Assessing Ayers: Innuendo vs. Information

John McCain is asking a lot of questions about William Ayers. But that doesn't mean he's actually looking for answers.

After a week or so of letting running mate Sarah Palin obsess on the campaign trail over the meaning of Barack Obama's "association" with the unrepentant Weather Underground founder--last week she accused Obama of "palling around with terrorists," for example--McCain himself finally entered the fray yesterday, namedropping Ayers in a new Internet ad, at a rally in Wisconsin and in an interview with ABC's Charlie Gibson.

"We need to know the full extent of the relationship" to judge "whether Senator Obama is telling the truth to the American people or not," McCain said in Wisconsin.

"Where's the truth, Barack?" asked his Web ad.

"I don't care about two washed-up old terrorists that are unrepentant about trying to destroy America," he told Gibson. "But I do care, and Americans should care, about his relationship with him and whether he's being truthful and candid about."

You'll notice that McCain never really bothered to say what we don't know about Obama and Ayers--let alone why what we don't know matters, or what Obama isn't telling the truth about. The point, it seems, is to create a false air of mystery around the Obama-Ayers relationship--and encourage voters to fill in the blanks with their own biases, suspicions and fears.
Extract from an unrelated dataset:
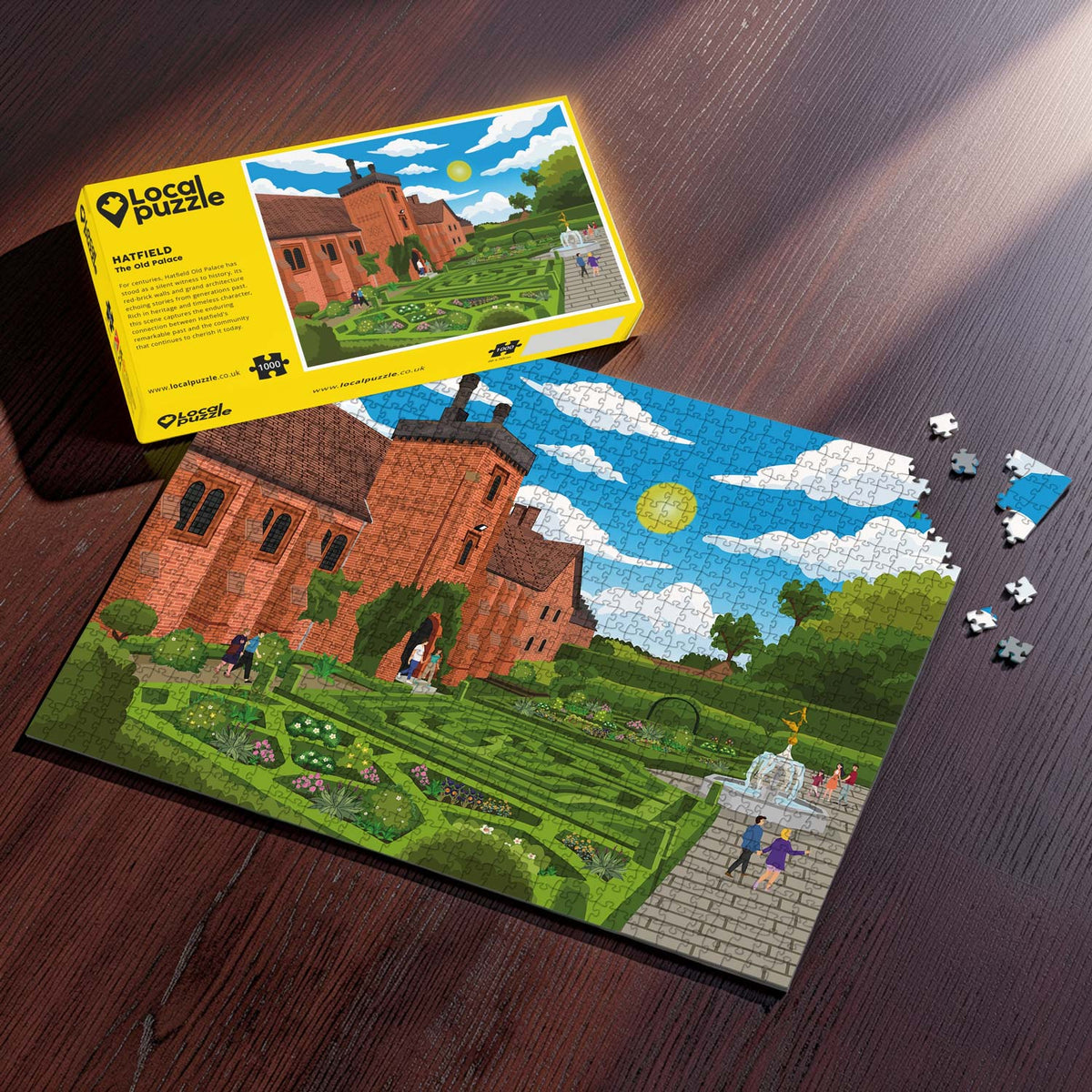 A completed Hatfield Old Palace jigsaw puzzle of the palace and its gardens, displayed on a dark wooden table next to its yellow packaging box and a few loose puzzle pieces.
It's the same reason McCain keeps asking "Who is Barack Obama?"

Here's how the strategy works. First, say the word "terrorist." Then characterize the Obama-Ayers relationship as murky, assuming that listeners don't know--or don't care to find out--that Obama has already characterized Ayers' past as "detestable" and discussed how the two crossed paths in Chicago. Next, insinuate that Obama's alleged evasions--and the mere fact that he encountered Ayers at all--call his character into question. And--last but not least--hope voters conclude that Obama is some sort of radical left-wing terrorist-sympathizer unworthy of the Oval Office.

Ultimately, McCain is resorting to innuendo because when it comes to Ayers, he has more to gain from preying on ignorance than providing information. Despite McCain's insinuations about his rival's untruthfulness, the Obama-Ayers backstory isn't all that mysterious. Like other Ayers acquaintances, Obama initially knew the former radical only as a fixture of Chicago's mainstream school-reform community. They were introduced at a coffee Ayers hosted before Obama's first run for office. They served on a schools project and a charitable board together. And they occasionally bumped into each other the streets of Obama's Hyde Park neighborhood. Obama has been pretty clear about all of this--even if it's a subject he's tried to avoid--and objective observers say that "the two men do not appear to have been close." As William C. Ibershof, the chief prosecutor of the Weather Underground in the 1970s, put it in a letter this morning to the New York Times, "because Senator Obama recently served on a board of a charitable organization with Mr. Ayers cannot possibly link the senator to acts perpetrated by Mr. Ayers so many years ago."

Many conservative commentators agree. "Does anybody really seriously believe that Barack Obama is a secret left-wing radical?" former Bush speechwriter David Frum recently wrote. "And if not, then what is this fuss and fury supposed to show? It's like Ronald Reagan's opponents trying to beat him by pointing out that Birchers once supported him." Still, some right-wingers have seized on the most substantial link between the pair--their six years (1995-2001) serving together on the board of an educational foundation called the Chicago Annenberg Challenge--as evidence that Obama and Ayers once worked in tandem to advance a radical leftist agenda. "Those who argue that the Ayers connection is important because Ayers is an unrepentant terrorist are emphasizing the wrong part of the Ayers/Obama oeuvre," conservative blogger Neo-Neocon recently wrote. "It's way too much of a stretch to say... that Obama was simpatico with Ayers' terrorist past or with the extremity of his radical beliefs. Annenberg, however, was a whole nother ball game."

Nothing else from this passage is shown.